Data records
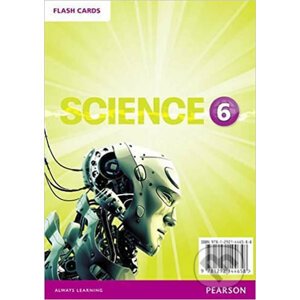 Big Science 6: Flashcards - Pearson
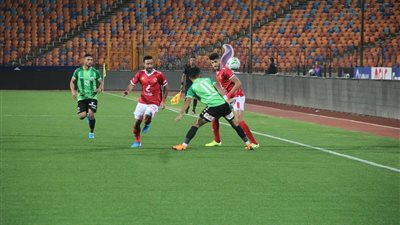 60 دقيقة.. الأهلي يفشل في الوصول لمرمى بني سويف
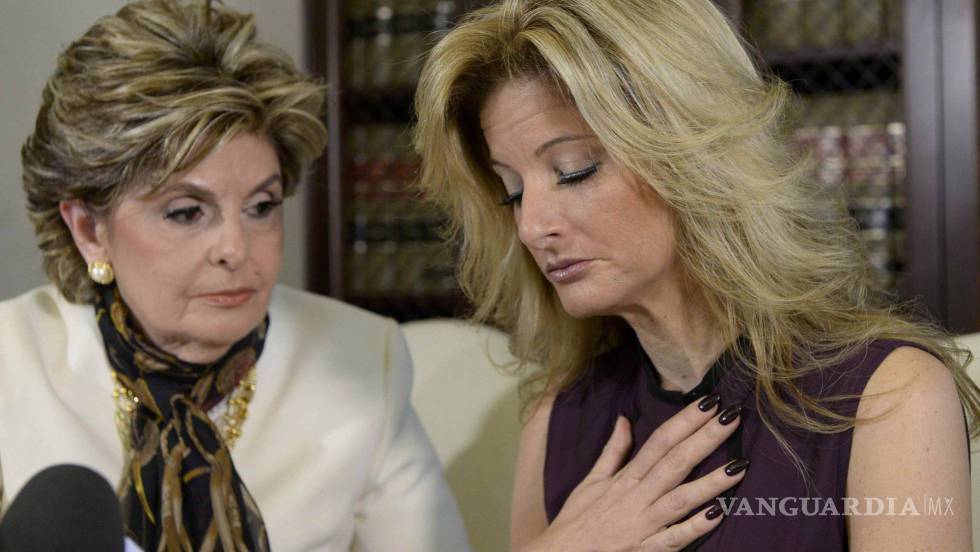 “Trump empezó a besarme y me puso la mano en los pechos”: Summer Zervos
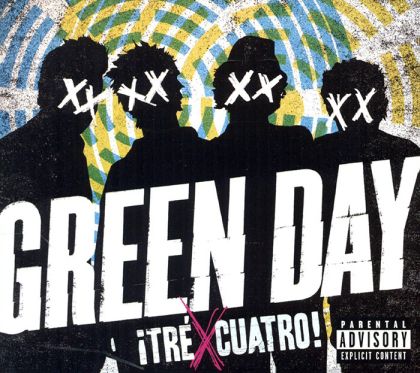 Green Day - TRE! / ¡Cuatro! (CD with DVD) [ CD ]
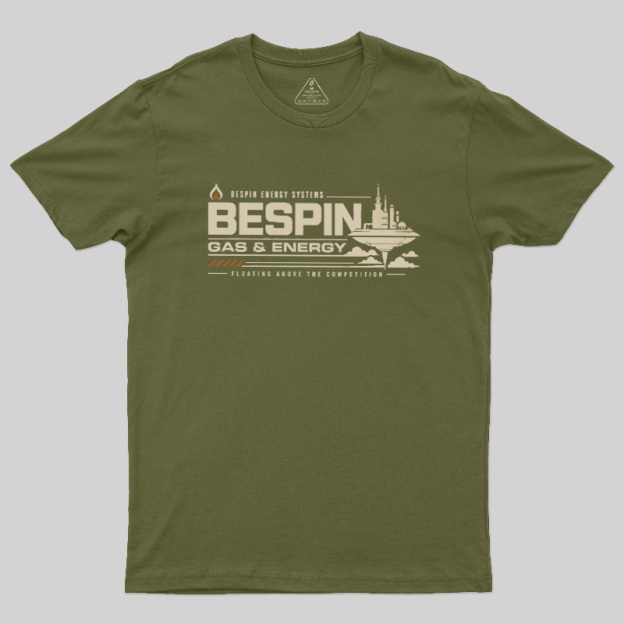 Bespin Gas & Energy Geek T-Shirt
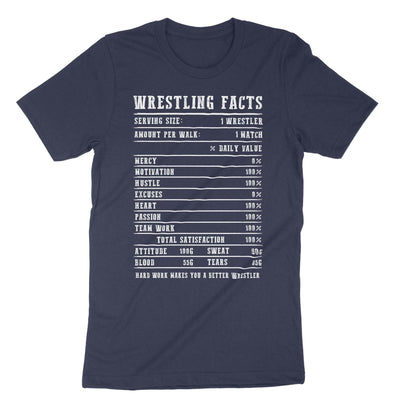 Navy Wrestling Nuitrition T-Shirt#color_navy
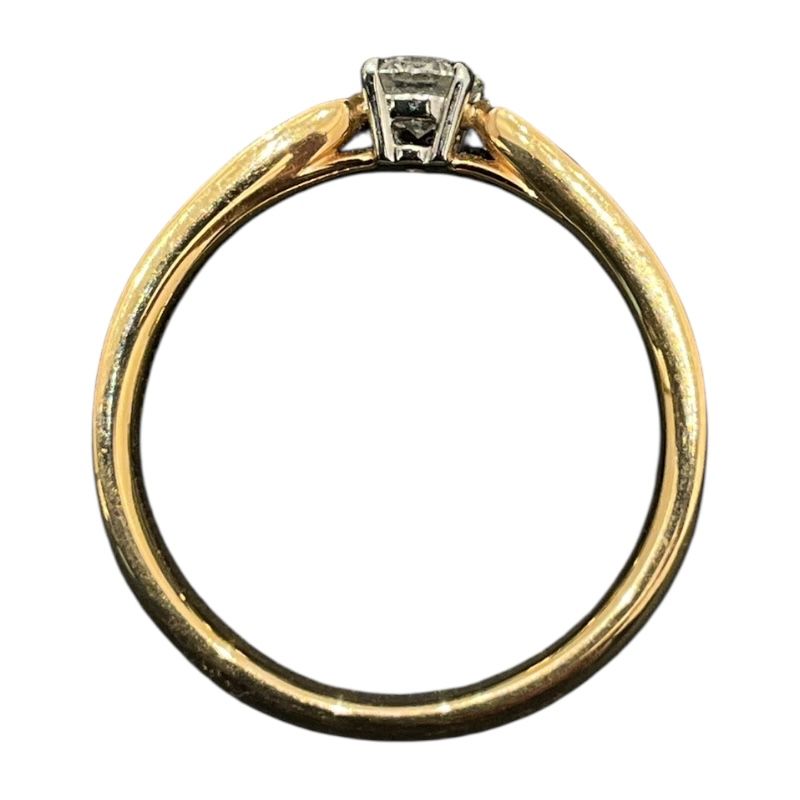 Tiffany & Co. Harmony Ring in K18/PT950 - Exquisite Elegance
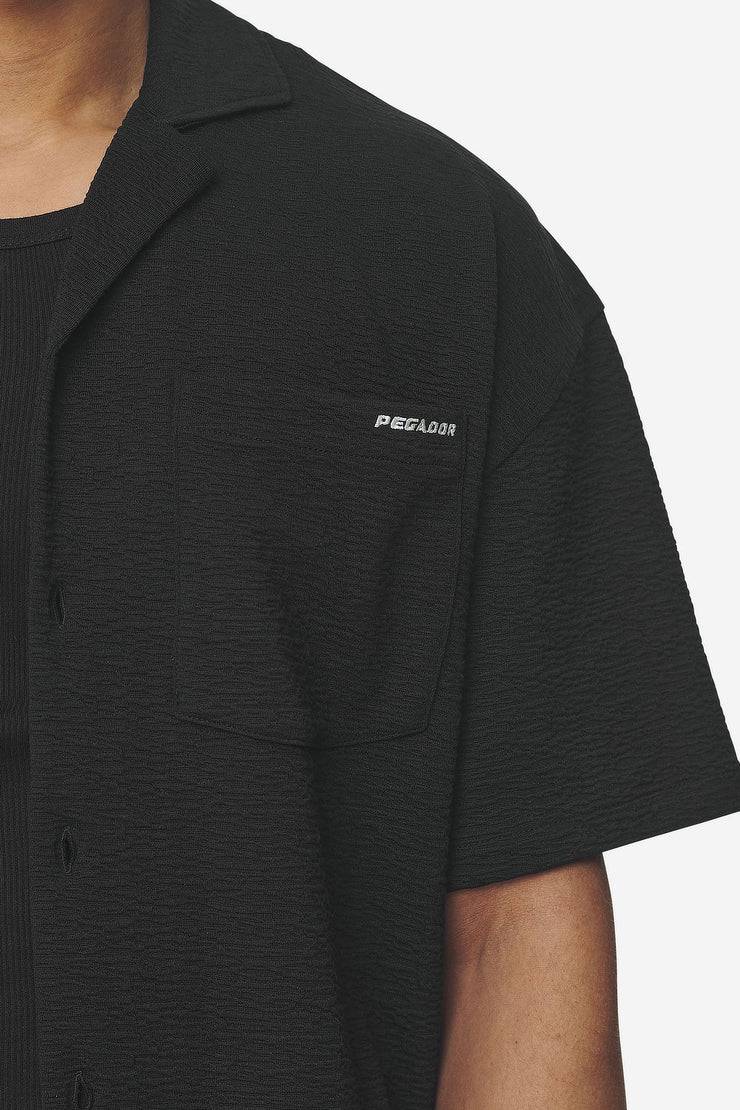 Pegador Acado Summer Shirt Black Rabatt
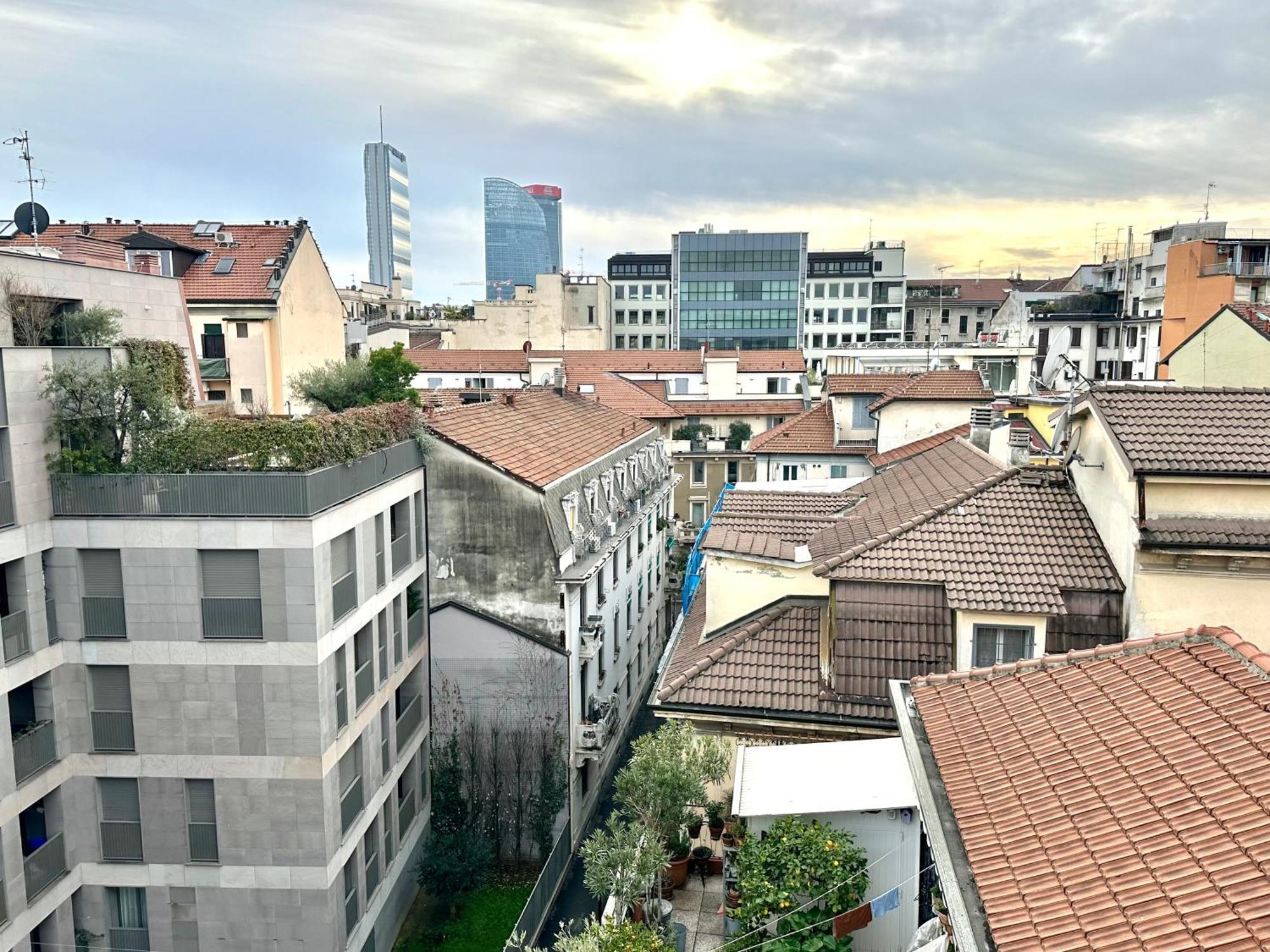Be-C0 Sempione Luxury Apt Milão Exterior foto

Problem statement
Go down the entries above from the line containing "empezó a besarme" to the line containing "Tiffany & Co." and write out each line exactly, leaving pictures out.

Answer section
 “Trump empezó a besarme y me puso la mano en los pechos”: Summer Zervos
 Green Day - TRE! / ¡Cuatro! (CD with DVD) [ CD ]
 Bespin Gas & Energy Geek T-Shirt
 Navy Wrestling Nuitrition T-Shirt#color_navy
 Tiffany & Co. Harmony Ring in K18/PT950 - Exquisite Elegance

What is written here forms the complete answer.